Porte ancienne sculptée – Punu (Gabon) Provenance : Sud-Ouest du Gabon, peuple Punu (ou Bapunu), région de la Ngounié ou du Nyanga Datation estimée :Fin XIXᵉ – début XXᵉ siècle (vers 1880-1920) Dimensions :
Hauteur : 95 cm
Largeur : 43 cm
Épaisseur : 2,5 cm environ Matière : Bois léger (essence locale type fromager), patine claire naturelle, traces d’érosion et d’usure cohérentes, éclats anciens, restes de polychromie blanche et ocre. Éléments rapportés : fibre végétale tressée, pendentif auriculaire en gousse séchée (probablement piment rituel), fixée à l’oreille droite.
Sculptée d’un seul tenant dans une planche de bois, cette porte présente une figure féminine en haut-relief occupant tout le champ vertical.
La femme, représentée nue, est figurée dans une attitude frontale et hiératique, les jambes fléchies, les bras levés, les paumes ouvertes vers l’extérieur dans un geste d’offrande et de protection. Le modelé puissant du corps s’équilibre avec la finesse du visage et la régularité des scarifications ventrales.

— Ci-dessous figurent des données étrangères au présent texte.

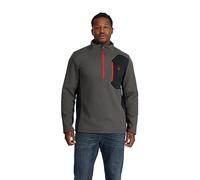 Spyder Mens Bandit Half Zip Fleece Lt Grey Size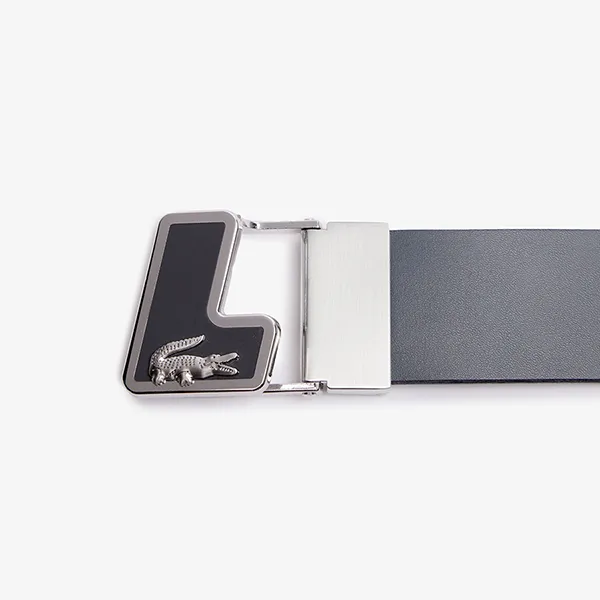 Thắt Lưng Nam Lacoste Leather Belt RC4086 000 Màu Đen Size 115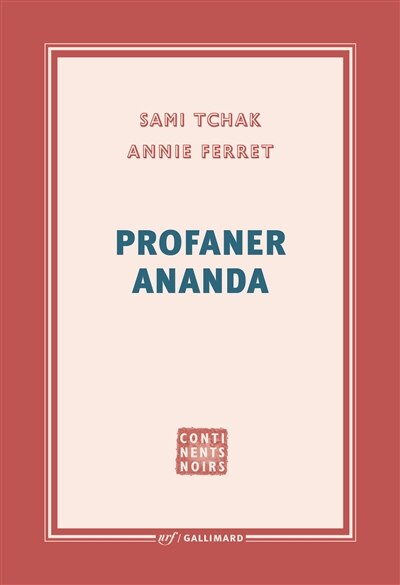 Front cover_Profaner Ananda
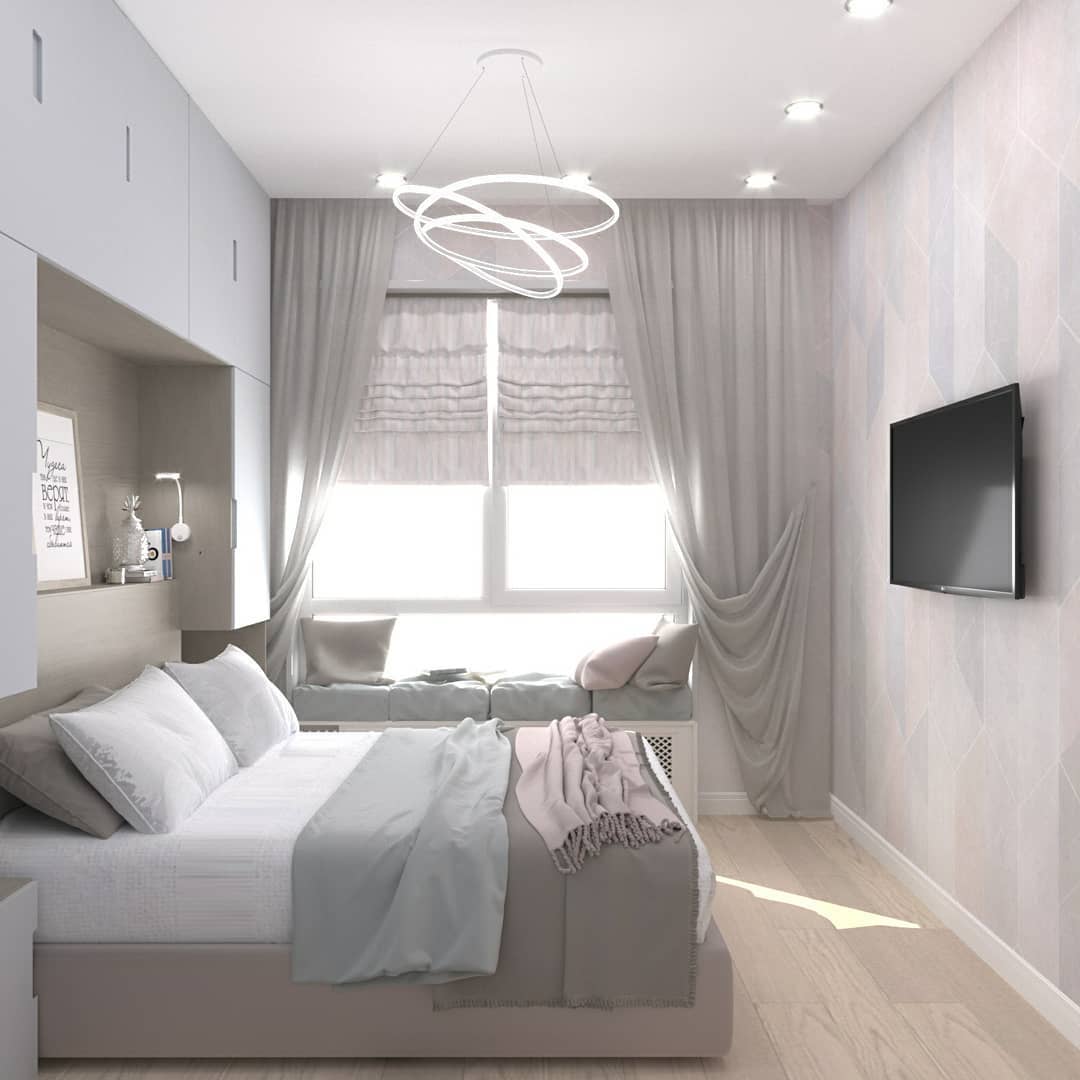 Дизайн Маленькой Спальни: 5 идей и 99 фото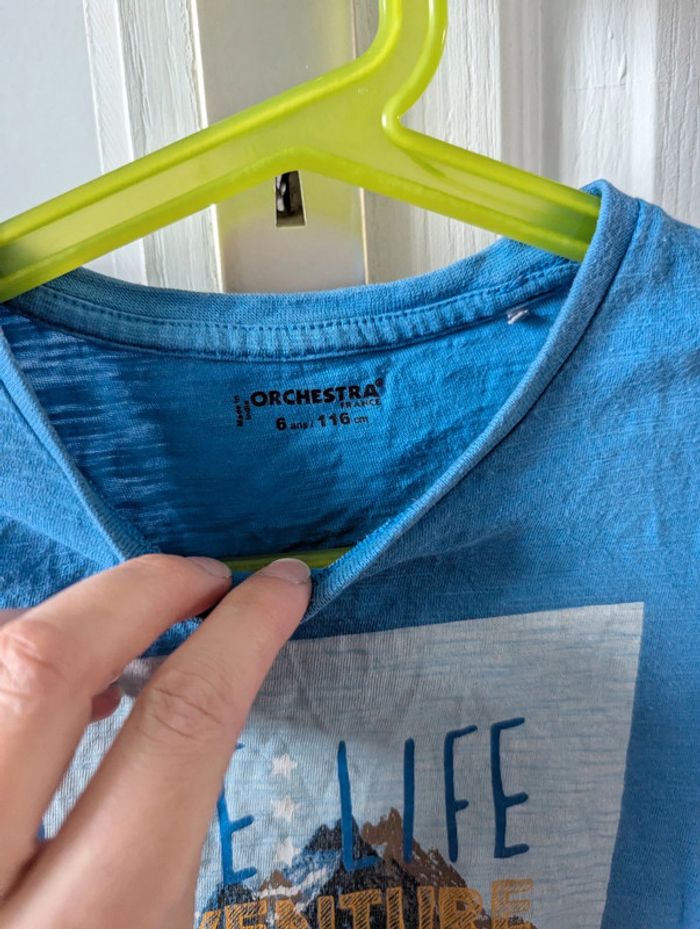 Tee shirt bleu orchestra - photo numéro 2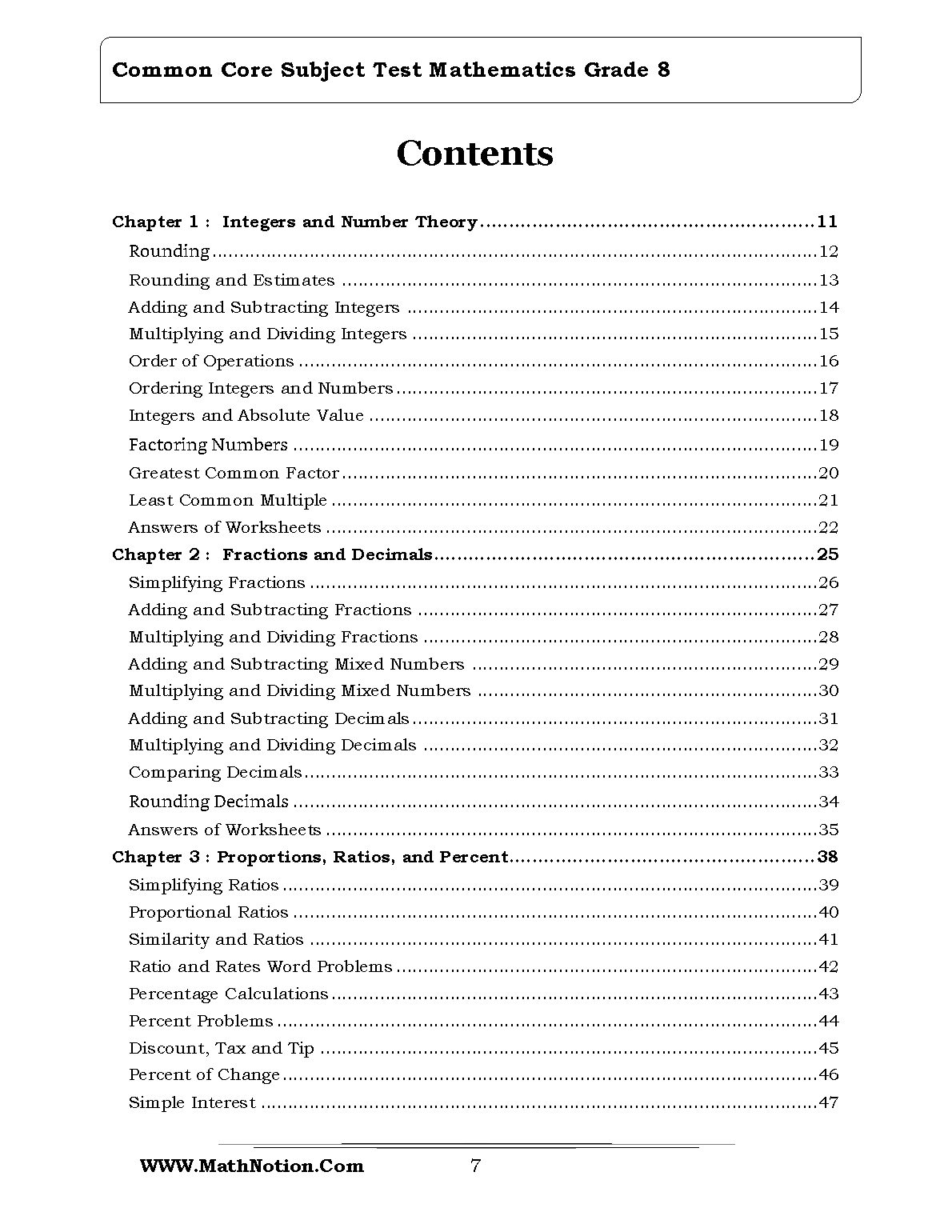 Book preview page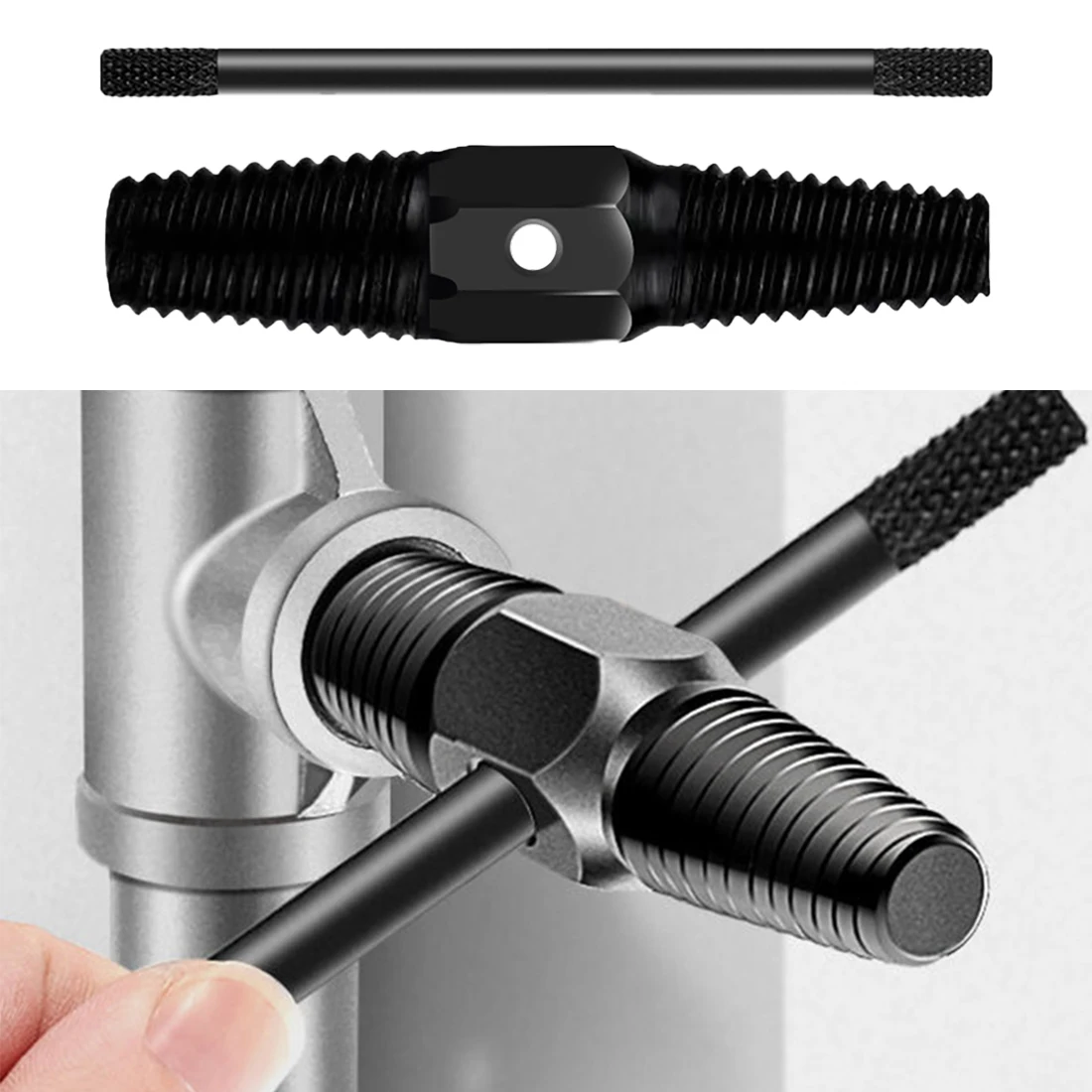 

Dual Use Double Head Screw Extractor Pipe Broken Bolt Damaged Screw Drill Bits Remover Multifunctional Hex Connector 1/2'' 3/4''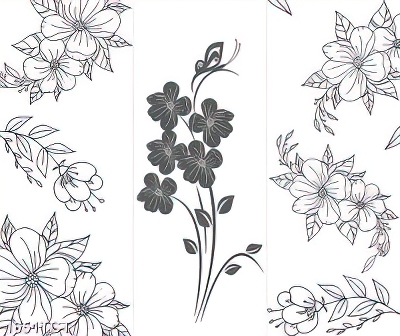 Tranh hoa văn in tủ file vector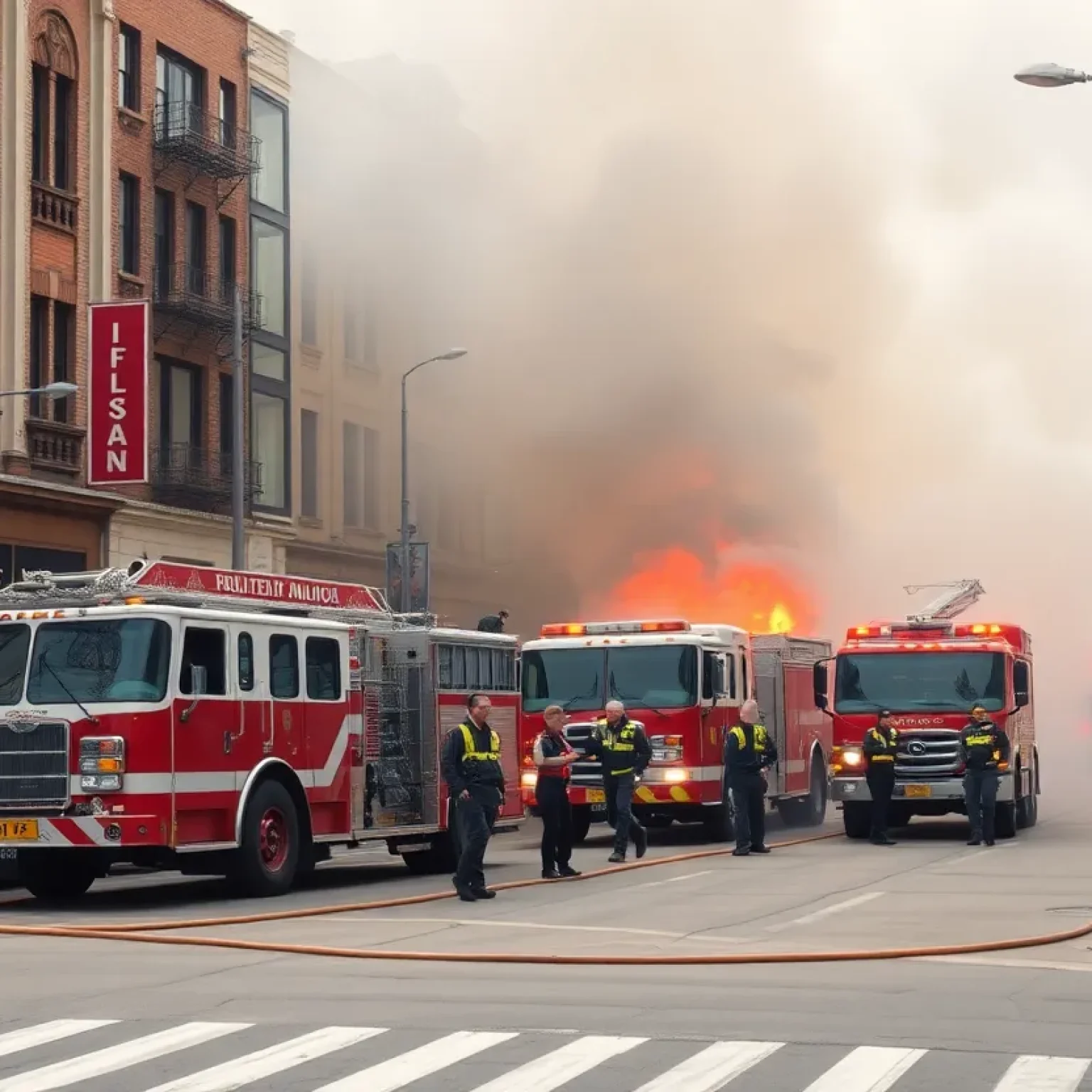 Firefighters responding to a blaze at Pink Pony Showgirls in Tampa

Visage ovale, yeux mi-clos, bouche charnue et scarification frontale en losange typique des masques mukudj ;
Haute coiffure en coques latérales finement striées, signe de statut noble ;
Scarifications abdominales losangées en relief, symboles de fertilité et d’appartenance lignagère ;
Bijou d’oreille unique en fibre et graine séchée, probablement à valeur rituelle ;
Corde tressée fixée au bras droit, sans doute vestige d’un lien symbolique ou d’un talisman protecteur suspendu à la porte.
La composition, très structurée, conjugue symétrie sacrée et humanité expressive, typique de la sculpture punu ancienne antérieure à l’influence fang.
Les bords irréguliers et l’usure d’origine du support indiquent une réutilisation rituelle : probablement une porte d’autel ou de grenier à reliques, plus qu’un simple battant domestique. Chez les Punu, les portes sculptées (ikéké ou nzié) avaient une fonction double : protéger l’habitat et conjurer les forces invisibles.
Elles étaient réservées aux chefs, guérisseurs ou devins, et symbolisaient la présence des ancêtres protecteurs ainsi que la fécondité du foyer. La figure féminine, omniprésente dans la statuaire punu, incarne la femme-mère, gardienne du lignage et de la maison, assimilée à la Terre nourricière (Ngadi Mvulu).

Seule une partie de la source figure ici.